Davao juga terkenal dengan produksi bunga dan pertaniannya yang kaya dan Plants of Glory ingin memberikan penghormatan atas kelimpahan yang diberikan alam di wilayah tersebut.
Walikota Davao City Rodrigo Duterte menjelaskan, festival tersebut merupakan penghormatan kepada masyarakat adat dan Moro yang merupakan penduduk asli Mindanao.
Ia pun memanfaatkan kesempatan itu untuk mengingatkan masyarakat akan perilaku diskriminatif terhadap Lumad dan Moro.
Dia menceritakan bahwa seorang pengacara Moro yang baru saja pensiun dan pegawai pemerintah banyak ditolak oleh subdivisi beberapa tahun yang lalu.
Ada pula orang tua Moro yang ingin membelikan rumah susun untuk anaknya belajar di kota, juga ditolak hanya karena beragama Islam.
“Jika kita melakukan perilaku ini dalam jangka panjang, hal itu akan menghancurkan kota kita dan Mindanao,” kata Duterte.
Diskriminasi dan kefanatikan akan menimbulkan kebencian dan masyarakat akan tersedot oleh kekerasan dan pasti menghancurkan Mindanao, tambah Duterte.
Toleransi
Ia mengatakan bahwa banyak penduduk Davao saat ini adalah non-Muslim, termasuk kakek dan neneknya yang pergi ke Mindanao setelah adanya “seruan keras” dari Amerika bahwa pulau tersebut adalah tanah perjanjian.
Dengan kondisi kota saat ini, Duterte mengatakan komunikasi sangat penting untuk menjamin perdamaian dan pembangunan abadi.
“Kita semua hidup di dunia yang sama. Mari kita menghormati ras, budaya, agama, dan martabat satu sama lain,” kata Duterte.
Penghormatan ini, kata Duterte, termasuk melindungi sumber daya di wilayah tersebut dengan memastikan bahwa penduduknya dapat memanfaatkan dan menikmati kekayaannya.
“Saya menentang pertambangan karena saya merasa hal itu hanya menguntungkan segelintir orang dan menganggap apa yang Tuhan berikan kepada kita adalah milik Filipina,” kata Duterte.

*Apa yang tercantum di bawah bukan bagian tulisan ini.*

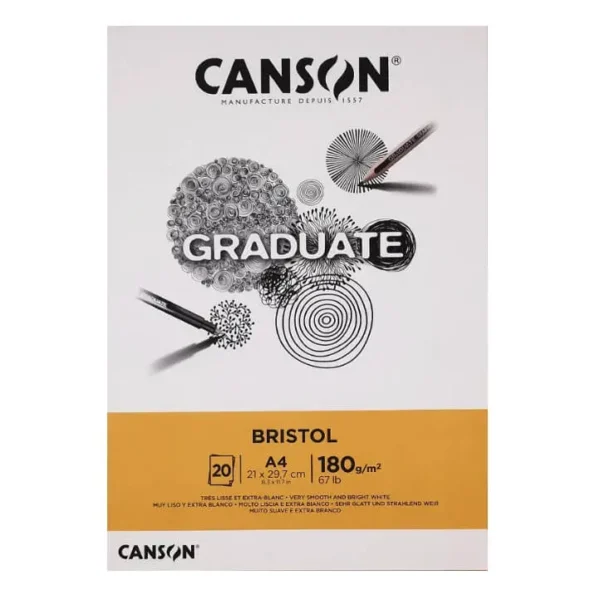 Pad Graduate Bristol A4 Canson 20 Hjs. 180g.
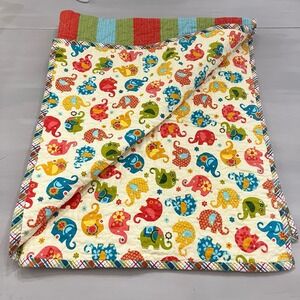 Handcrafted Baby Quilt Blanket Nursery Safari Elephants Bright Colorful 39x48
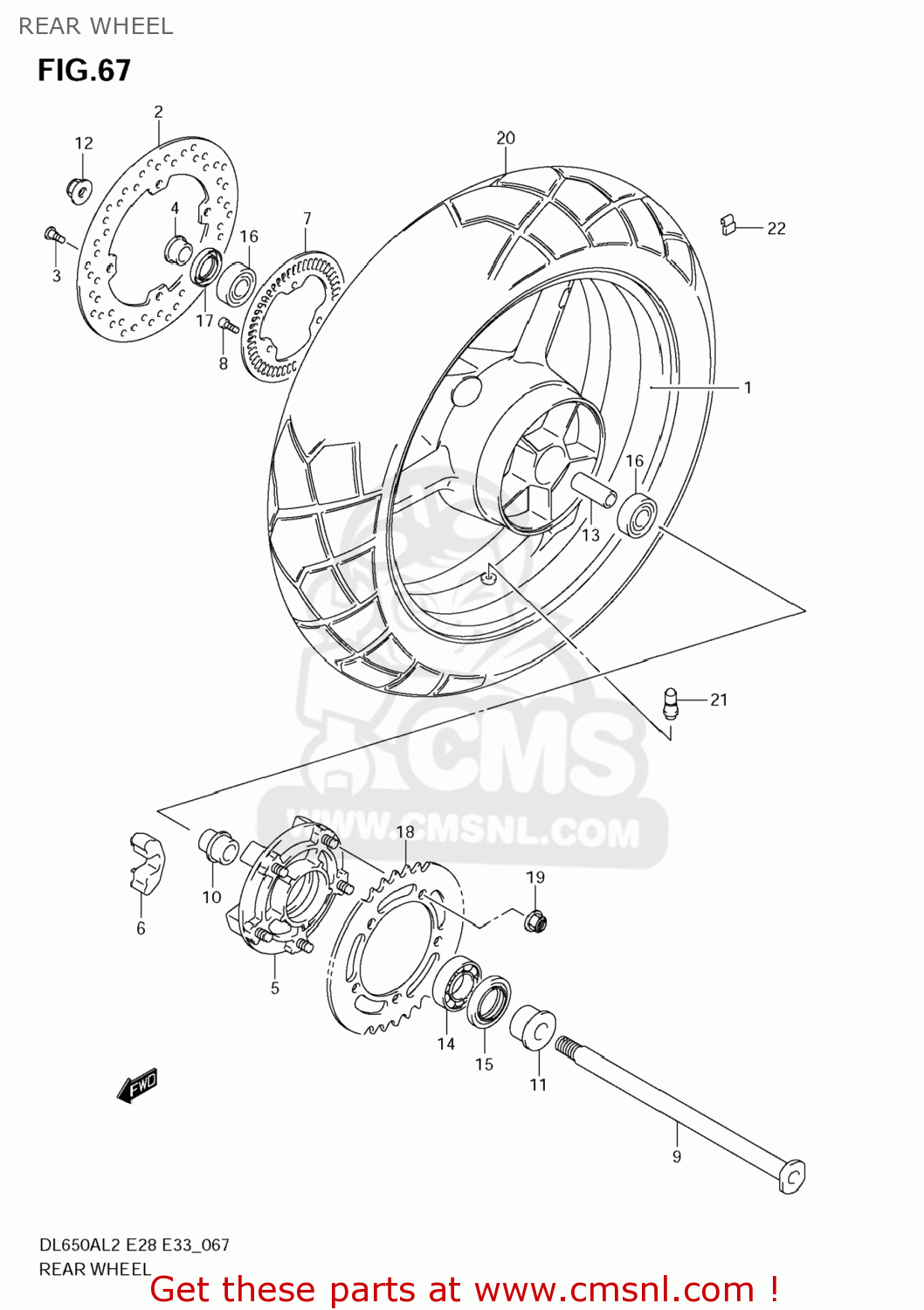 REAR WHEEL DL650A VSTROM 2012 (L2) USA (E03)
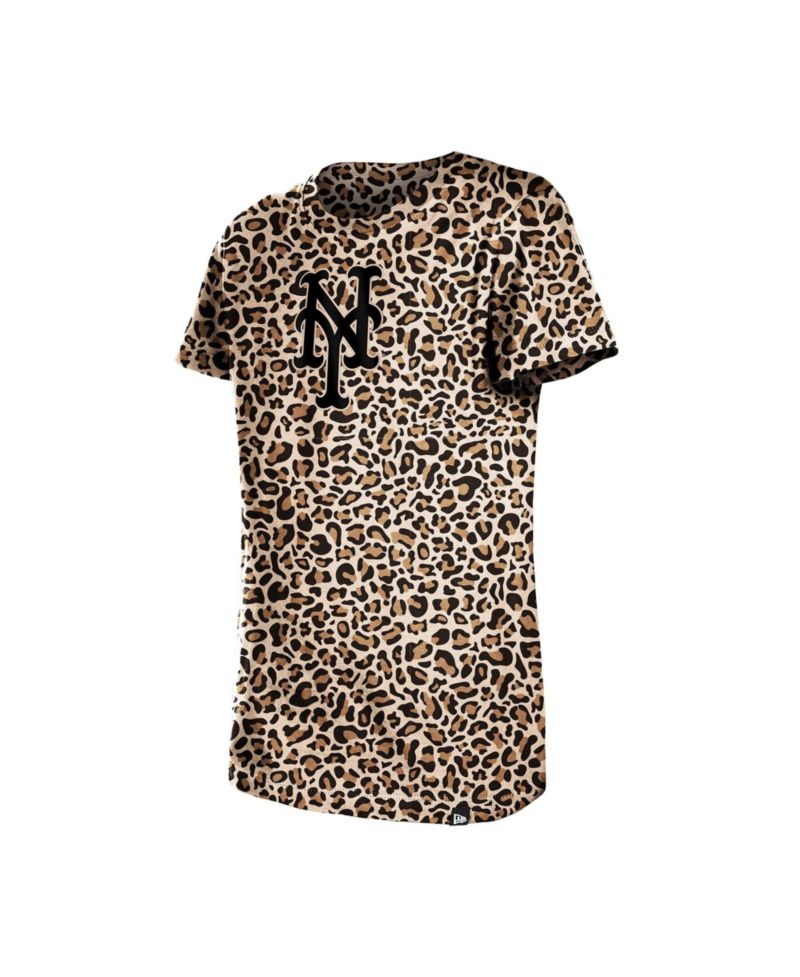 Big Girls Brown New York Mets Leopard T-Shirt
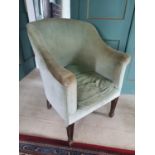 A 19th Century Tub Chair with tapered supports. D56 x W60 x H92cm approx.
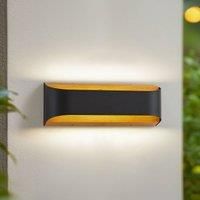 Lindby LED outdoor wall light Lenore, black, metal, 36.5cm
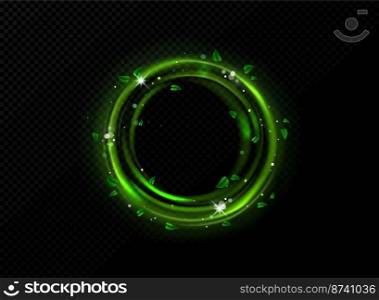 Green light circle frame with sparks and leaves motion effect. Magic glow with star dust and sparkles. Power of nature magician spell or portal hole, vortex isolated Realistic 3d Vector illustration. Green light circle frame with sparks and leaves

Dia mencatat bahwa ada sumber daya yang didistribusikan dengan cara yang bermanfaat bagi masyarakat.
Untuk memastikan keterwakilan berbagai suku di pemerintahan lokal, Duterte menunjuk seorang wakil walikota untuk setiap suku di kota tersebut.
Ia juga menceritakan bahwa pemerintah daerah kini mendanai 132 madrasah di kota tersebut dari semula 1 madrasah ketika ia menjadi walikota pada tahun 1988.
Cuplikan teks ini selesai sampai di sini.